Taylor v. American International Shipbuilding Corporation

Decision Date24 June 1922
Docket Number276
Citation119 A. 130,275 Pa. 229
PartiesTaylor v. American International Shipbuilding Corporation, Appellant
CourtPennsylvania Supreme Court

Argued March 23, 1922

Appeal, No. 276, Jan. T., 1922, by defendant, from judgment of C.P. No. 2, Phila. Co., Dec. T., 1918, No. 4494, on verdict for plaintiff, in case of Robert Taylor v. American International Shipbuilding Corporation. Reversed.

Trespass for malicious prosecution. Before BARRATT, P.J.

The opinion of the Supreme Court states the facts.

Verdict and judgment for plaintiff for $2,000. Defendant appealed.

Error assigned, inter alia, was refusal of judgment for defendant n.o.v., quoting record.

The judgment of the court below is reversed, the record is remitted with direction to enter a judgment for defendant on its motion for judgment n.o.v.

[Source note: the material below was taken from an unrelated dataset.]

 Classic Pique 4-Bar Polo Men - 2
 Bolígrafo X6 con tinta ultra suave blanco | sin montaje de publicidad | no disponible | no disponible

Wm. Y C. Anderson, with him George W. Coles, U.S. Attorney, for appellant. -- Appellant's denial that the court had jurisdiction over the subject-matter of this action casts upon appellee the burden of upholding that jurisdiction Stanley v. Schwalby, 162 U.S. 255; Carr v. U.S., 98 U.S. 433; Wells v. Roper, 246 U.S. 335; Rixon v. Telegraph Co., 271 Pa. 67; Sloan Shipyards v. Fleet Corp., 268 F. 624; Keeley v. Kerr, 270 F. 874.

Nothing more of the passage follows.